The package defines classes int64 and uint64 that represent signed and unsigned 64 bit integer vectors. The package also allows conversion of several types (integer, numeric, character, logical) to 64 bit integer vectors, arithmetic operations as well as other standard group generic functions, and reading 64 bit integer vectors as a data.frame column using int64 or uint64 as the colClasses argument.

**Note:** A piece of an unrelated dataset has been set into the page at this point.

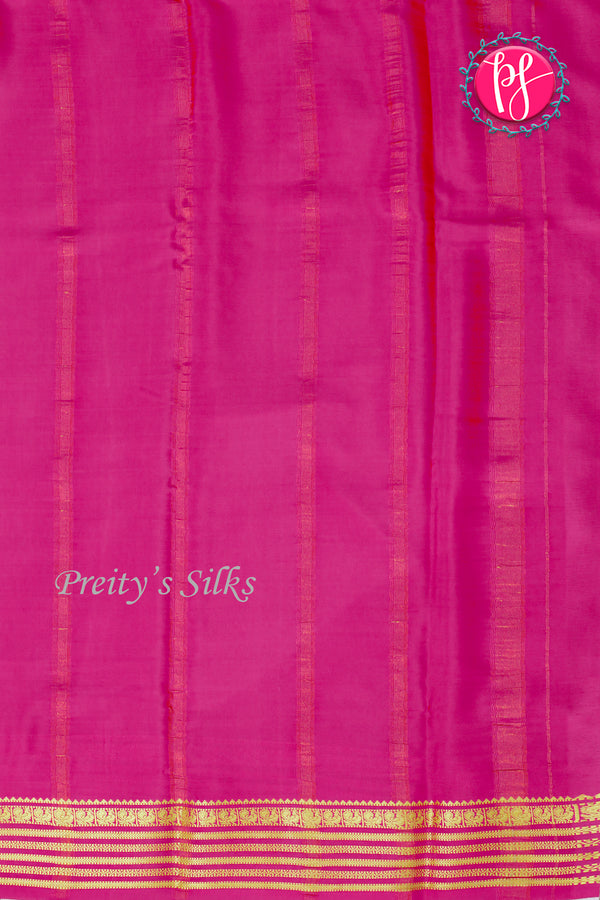 Pure Mysore Crepe Silk Saree-Bottlegreen And Pink-PA28717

The package has a vignette that details its features, several examples are given in the usual help files. Once again, I've used RUnit for quality insurance about the package code

int64 has been developped so that 64 bit integer vectors are represented using only R data structures, i.e data is not represented as external pointers to some C++ object. Instead, each 64 bit integer is represented as a couple of regular 32 bit integers, each of them carrying half the bits of the underlying 64 bit integer. This was a choice by design so that 64 bit integer vectors can be serialized and used as data frame columns.

The package contains C++ headers that third party packages can used (via LinkingTo: int64) to use the C++ internals. This allows creation and manipulation of the objects in C++. The internals will be documented in another vignette for package developpers who wish to use the internals. For the moment, the main entry point is the C++ template class LongVector.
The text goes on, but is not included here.